Working data -
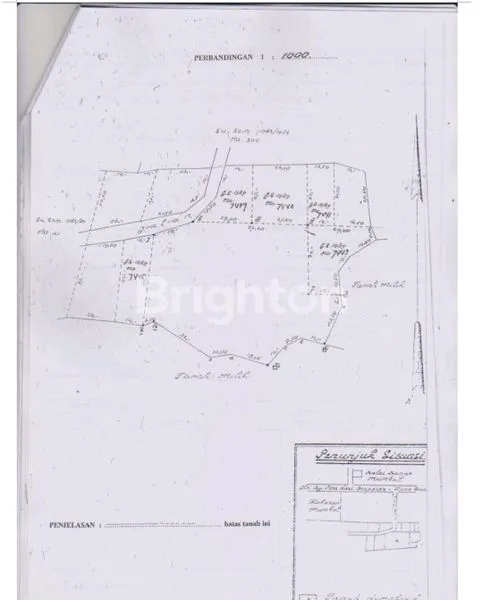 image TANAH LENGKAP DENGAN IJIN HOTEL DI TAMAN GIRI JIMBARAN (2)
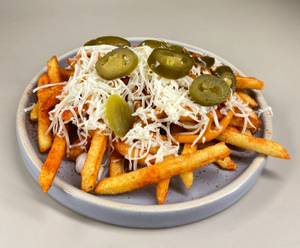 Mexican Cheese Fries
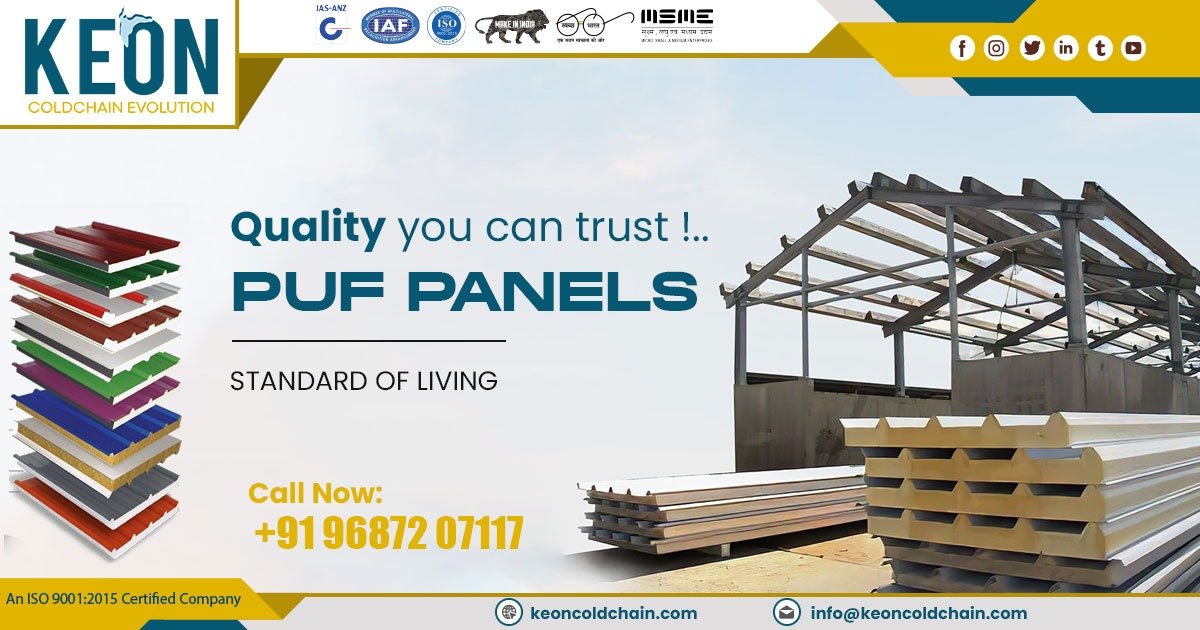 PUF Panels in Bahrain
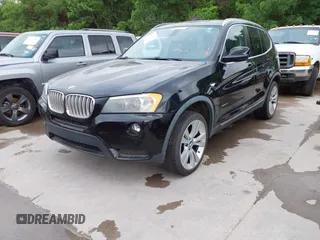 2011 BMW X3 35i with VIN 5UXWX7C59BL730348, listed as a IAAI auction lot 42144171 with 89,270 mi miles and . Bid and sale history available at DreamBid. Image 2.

...

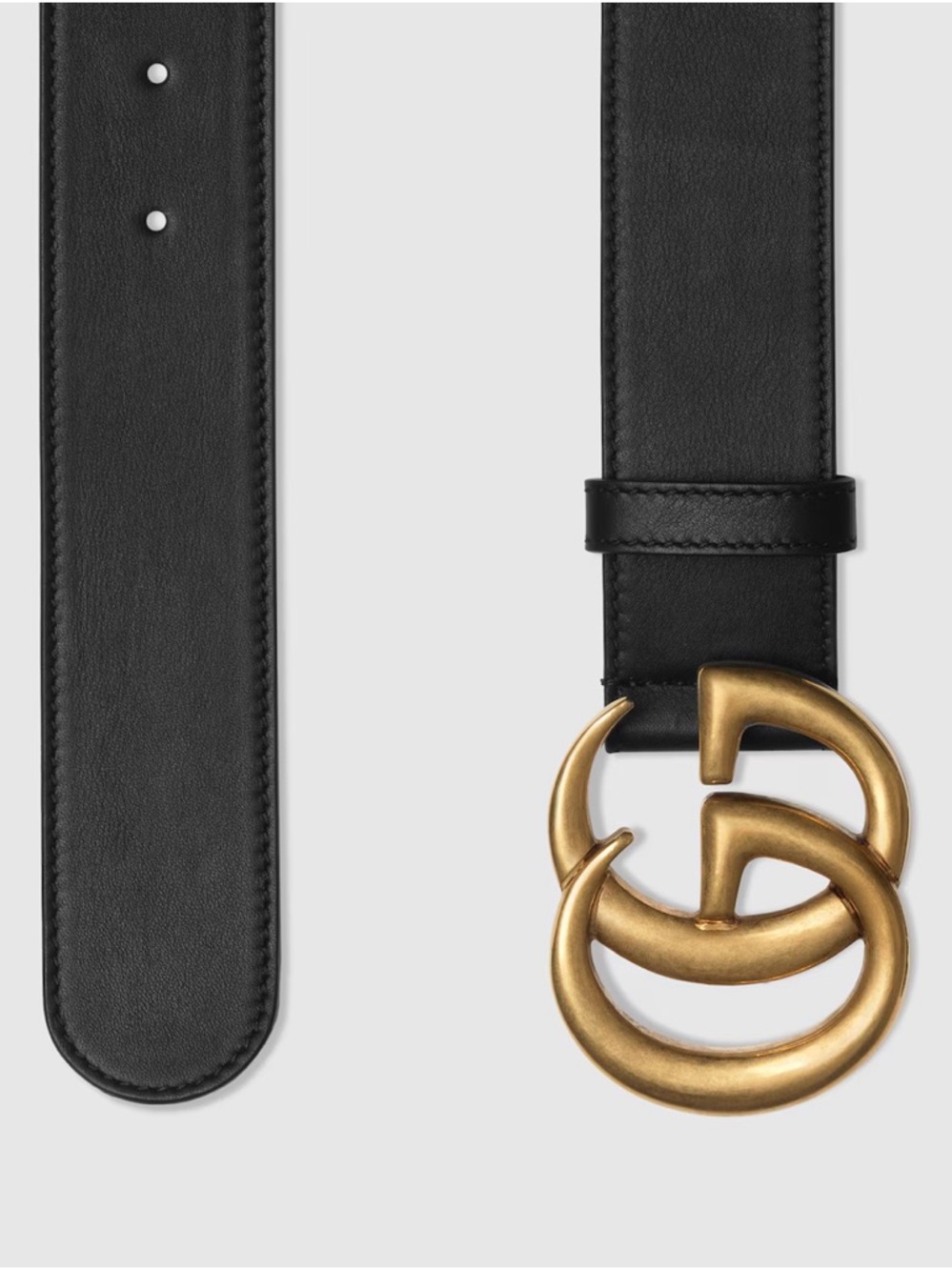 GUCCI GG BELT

--

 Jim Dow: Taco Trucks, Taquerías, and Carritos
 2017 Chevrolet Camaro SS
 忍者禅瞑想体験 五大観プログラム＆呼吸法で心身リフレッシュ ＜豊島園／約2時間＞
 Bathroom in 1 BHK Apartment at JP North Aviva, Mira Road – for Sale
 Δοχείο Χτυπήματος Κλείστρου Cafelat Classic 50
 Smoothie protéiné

Work required - Retype only this portion of the data above: the line containing "Bathroom in 1", the line containing "Smoothie protéiné", and all lines between them, exactly.

Response -
 Bathroom in 1 BHK Apartment at JP North Aviva, Mira Road – for Sale
 Δοχείο Χτυπήματος Κλείστρου Cafelat Classic 50
 Smoothie protéiné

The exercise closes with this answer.